» What the exercise asks
Keep the images out while you set down the data exactly.

» Records supplied
____________________
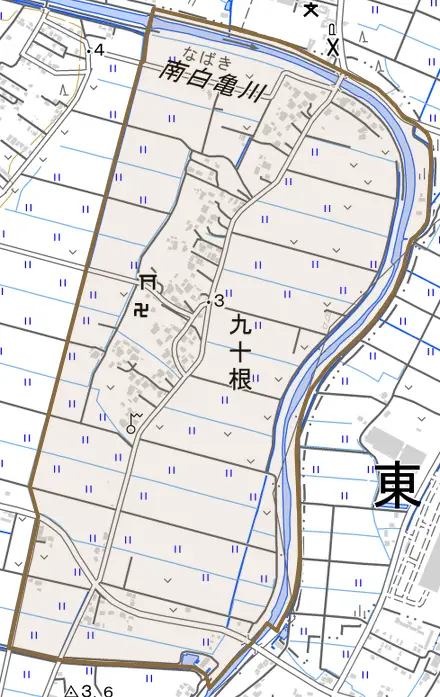 九十根とその周辺の地図。町の範囲を重ねている
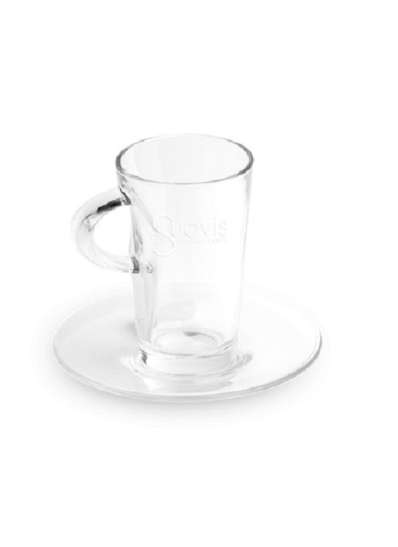SUAVIS | Glass Mug with saucer 250ml.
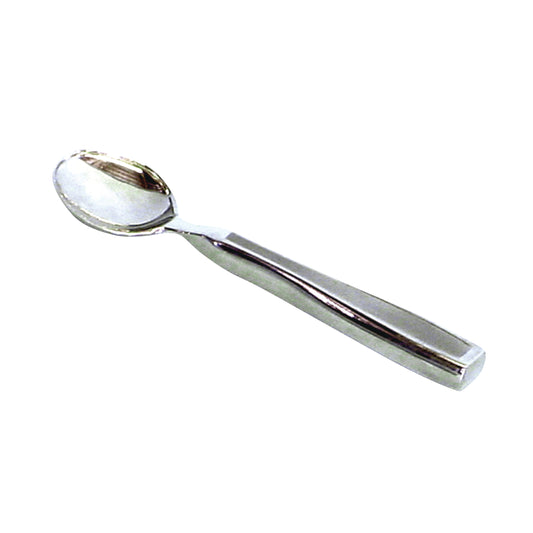 A silver spoon with a thick handle, designed as part of Weighted Utensils to assist with stability and ease of use.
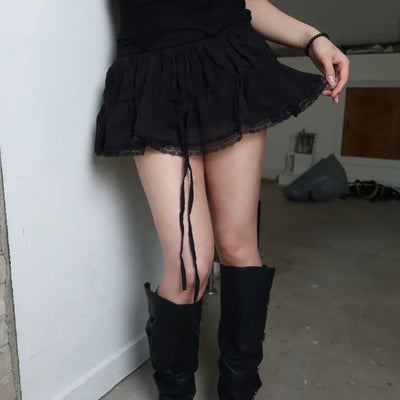 Lovely Shirred Lace Frill Skirt Shorts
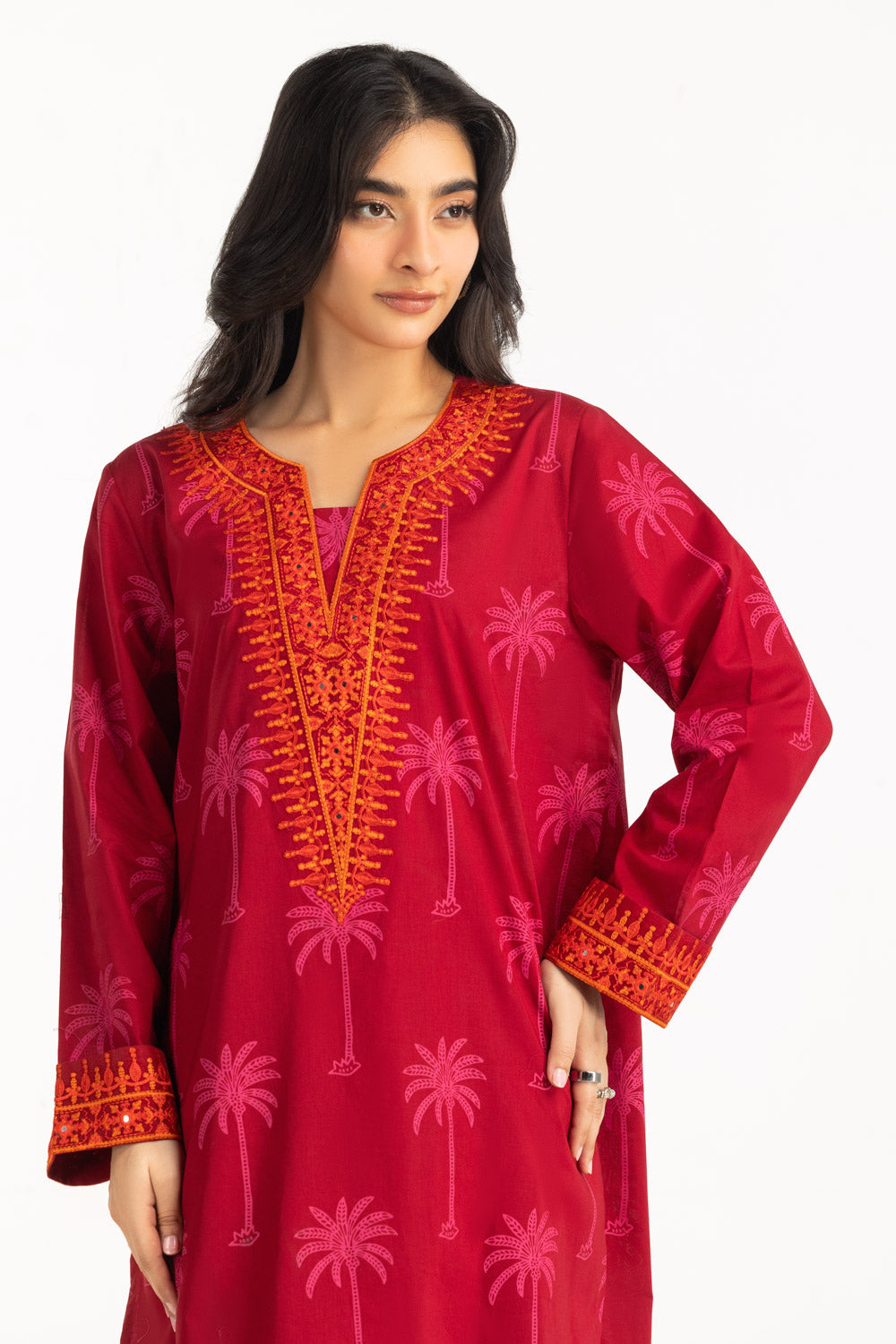Cambric Embroidered Co-Ord Set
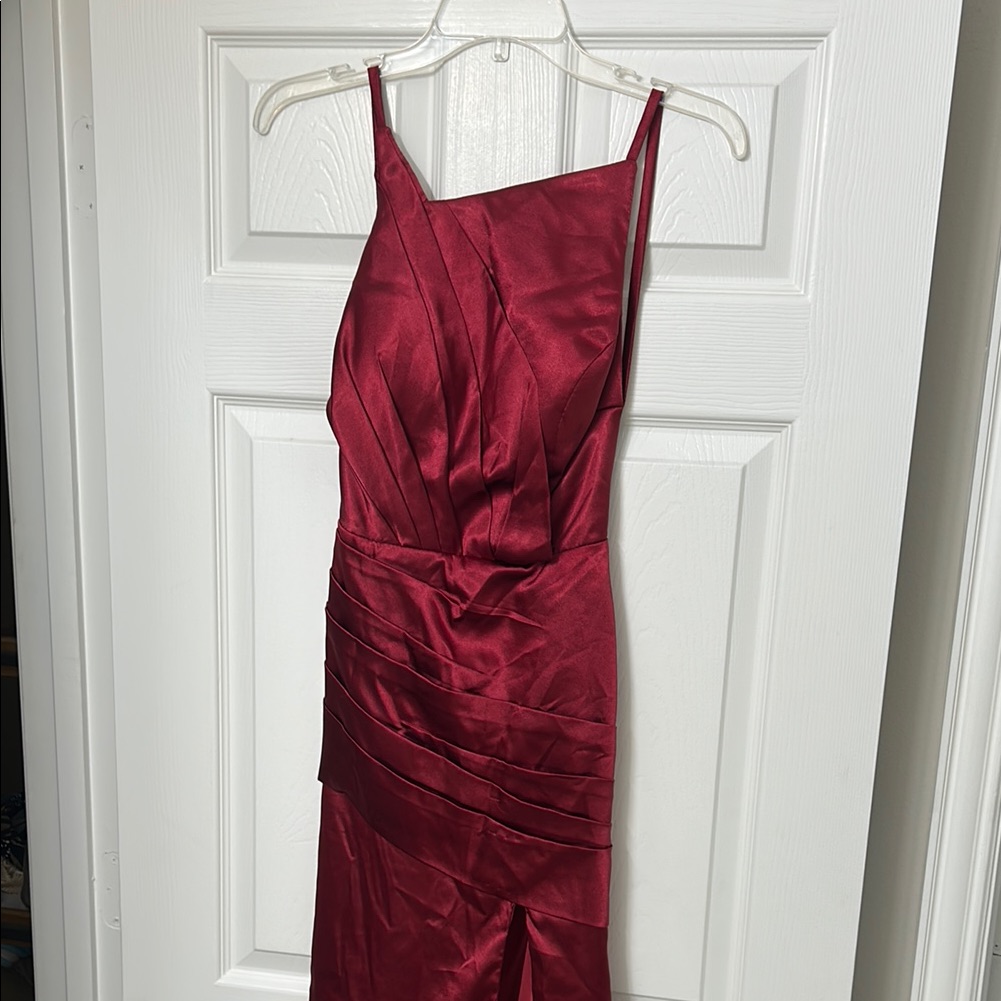 Elegant Red Satin Bridesmaids Dress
____________________
» Exercise solution
 九十根とその周辺の地図。町の範囲を重ねている
SUAVIS | Glass Mug with saucer 250ml.
 A silver spoon with a thick handle, designed as part of Weighted Utensils to assist with stability and ease of use.
 Lovely Shirred Lace Frill Skirt Shorts
Cambric Embroidered Co-Ord Set
 Elegant Red Satin Bridesmaids Dress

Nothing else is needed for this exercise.